Not a pleasant sight to see, but it is happening all over especially in the areas where automobiles go by at the speed birds cannot cope with. If the automobile that hit this juvenile stonechat had been moving 10km/h more slowly, she wouldn't have to lose her life which had lasted for only 20 days or so. It is so important to drive safe & slow not just for humans but for other animals.

Tuesday, July 6, 2010

What humans have done to the environment (1)

I often come across snails, snakes, slugs, earthworms, caterpillars or other slow-moving animals on paved roads. They are trying desparately to "run back" to safety , but their speed is not fast enough so they won't get hit by cars, or even by bicycles. While there are a number of more serious environmental problems, our daily ordinary & convenient lifestyles are also posing threats to many living things --they are often unnoticed.

Sunday, July 4, 2010

The sun is moving away from us

I took this photo on July 5th 2009, exactly one year ago.

More than 2 weeks have passed since the Summer Solstice now. The sun is moving away from us slowly but steadily. It is not strong enough to illuminate the forest floor even at the hours it comes in from sideways.

Song birds are almost all gone by now. Even resident birds, particularly the small-sized ones, leave the area temporarily to find food in the areas where there's more light and thus more food.

Now the forest is the realm of woodpeckers, squirrels, wasps and summer butterflies.

Evening Event (1)

When I'd seen this couple several minutes before, the male was dancing in front of the female, the one with a larger and plump abdomen.

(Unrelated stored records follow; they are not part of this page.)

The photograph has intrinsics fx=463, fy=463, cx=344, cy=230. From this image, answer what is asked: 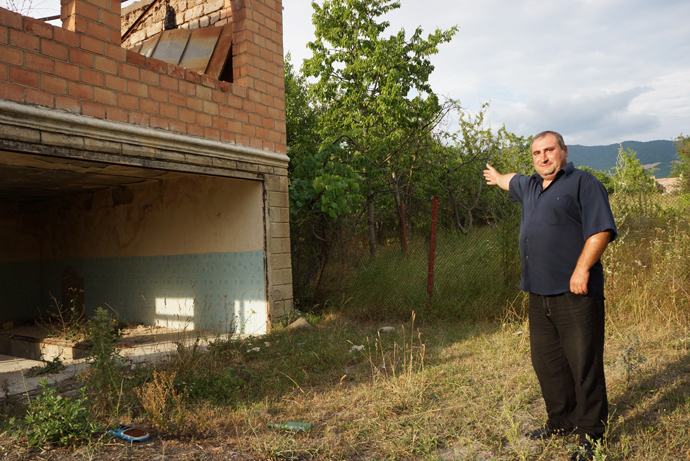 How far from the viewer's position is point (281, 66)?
7.26m

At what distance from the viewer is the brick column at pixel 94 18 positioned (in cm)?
471

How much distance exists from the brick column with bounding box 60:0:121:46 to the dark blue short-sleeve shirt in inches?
183

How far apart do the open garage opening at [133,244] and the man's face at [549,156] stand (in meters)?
4.56

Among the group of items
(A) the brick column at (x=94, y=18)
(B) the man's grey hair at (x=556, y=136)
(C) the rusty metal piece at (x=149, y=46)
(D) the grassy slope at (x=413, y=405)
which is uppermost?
(C) the rusty metal piece at (x=149, y=46)

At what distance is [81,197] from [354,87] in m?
9.39

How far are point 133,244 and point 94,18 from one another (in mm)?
4868

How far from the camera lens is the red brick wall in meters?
4.29

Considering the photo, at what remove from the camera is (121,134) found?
4.99 meters

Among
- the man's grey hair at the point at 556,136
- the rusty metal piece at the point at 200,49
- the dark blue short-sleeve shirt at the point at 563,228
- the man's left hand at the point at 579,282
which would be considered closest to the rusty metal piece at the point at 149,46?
the rusty metal piece at the point at 200,49

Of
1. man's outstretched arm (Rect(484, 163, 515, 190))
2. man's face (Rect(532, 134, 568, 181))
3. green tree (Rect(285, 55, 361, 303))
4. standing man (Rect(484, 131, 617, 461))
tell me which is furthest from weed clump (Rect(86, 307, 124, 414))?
green tree (Rect(285, 55, 361, 303))

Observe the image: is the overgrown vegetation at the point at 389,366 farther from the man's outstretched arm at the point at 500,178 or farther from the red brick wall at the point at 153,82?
the man's outstretched arm at the point at 500,178

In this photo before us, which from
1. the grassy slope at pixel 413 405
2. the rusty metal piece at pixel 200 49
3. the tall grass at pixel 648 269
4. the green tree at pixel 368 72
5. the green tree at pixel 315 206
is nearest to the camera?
the grassy slope at pixel 413 405

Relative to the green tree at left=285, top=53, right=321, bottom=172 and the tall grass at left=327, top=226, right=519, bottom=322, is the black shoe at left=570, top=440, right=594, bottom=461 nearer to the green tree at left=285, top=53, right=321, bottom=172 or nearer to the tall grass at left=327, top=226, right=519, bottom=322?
the tall grass at left=327, top=226, right=519, bottom=322

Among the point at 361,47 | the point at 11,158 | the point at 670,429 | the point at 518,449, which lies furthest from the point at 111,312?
the point at 361,47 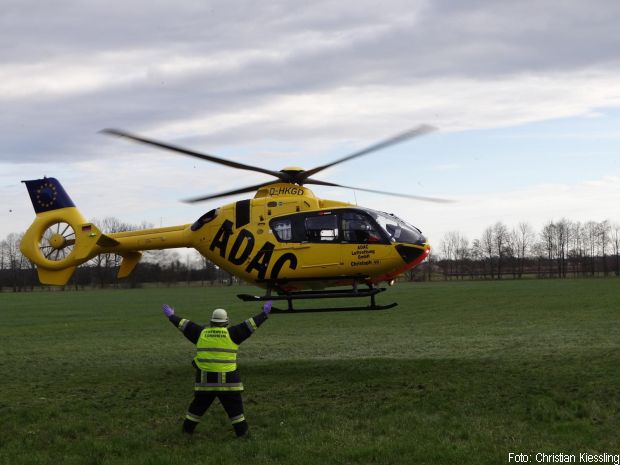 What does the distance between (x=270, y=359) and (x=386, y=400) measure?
8899 millimetres

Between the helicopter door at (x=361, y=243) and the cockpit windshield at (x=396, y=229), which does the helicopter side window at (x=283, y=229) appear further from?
the cockpit windshield at (x=396, y=229)

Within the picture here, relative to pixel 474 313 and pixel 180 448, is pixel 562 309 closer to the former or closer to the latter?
pixel 474 313

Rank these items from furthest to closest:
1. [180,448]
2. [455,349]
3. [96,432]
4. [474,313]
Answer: [474,313], [455,349], [96,432], [180,448]

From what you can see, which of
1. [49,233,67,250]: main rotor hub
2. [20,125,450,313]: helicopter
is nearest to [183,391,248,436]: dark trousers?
[20,125,450,313]: helicopter

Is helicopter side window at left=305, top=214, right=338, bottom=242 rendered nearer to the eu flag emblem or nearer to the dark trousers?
the dark trousers

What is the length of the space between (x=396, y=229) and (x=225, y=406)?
746 centimetres

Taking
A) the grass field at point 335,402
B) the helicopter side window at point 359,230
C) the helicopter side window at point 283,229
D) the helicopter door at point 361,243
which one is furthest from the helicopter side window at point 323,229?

When I came back, the male took her under control and was ready to insert the sperm capsule which looks like a red droplet beneath the red fangs. The courtship of carnivorous arthropods is really a life-or-death event. Males have to pay extra caution not to get eaten by the prospective mate.
It was beginning to get dark. I don't know if the male could successfully flee after mating.

The Pupae

This photo is of another pupa found on the same day. Found only half a meter from the previous one. It seems to be a different species. I can't wait till they come out.

The pupae

I visited the woods a few days later to find it turning into a nice-looking pupa.

I felt really happy for him. But on the other hand, there is no guarantee it can metamorphose to a butterfly. It might be infested with parasites. No one knows. And I only have to wait & see.

Observing caterpillars pupating, I came to realize that there are certain things that you must do absolutely by yourself. We can help each other in other things like washing dishes and carrying heavy loads.

But when it comes to something that takes place within you, you have to metamorphose alone. Or rather, help may hinder the metamorphosis. Of course, we can help indirectly along the way. But in the case of pupating caterpillars, you should not touch them directly even if you want to help them shed their skin more quickly.

Pupating Caterpillers

This time of the year, I don't have time during the day to take pictures of the living things I love. After my work is over, I rush to the woods while it is still light to manage taking several photos.
I only have about one hour to stroll around and find out how the creatures are doing. It is sometimes too dark for photographing, but very often I can encounter exciting events and animals that I can never see under the hot and bright sunlight.
One of such encounters was pupating caterpillars. They hung upsidedown from a fense surrounding a pond. They waited for the metamorphosis within their body to take place, slowly shedding the skin.
It was getting dark and the forest was becoming silent, which meant that predators were becoming inactive.
I found four of such pupating caterpillars almost in synchrony. The photo is a pupating Argynnis paphia.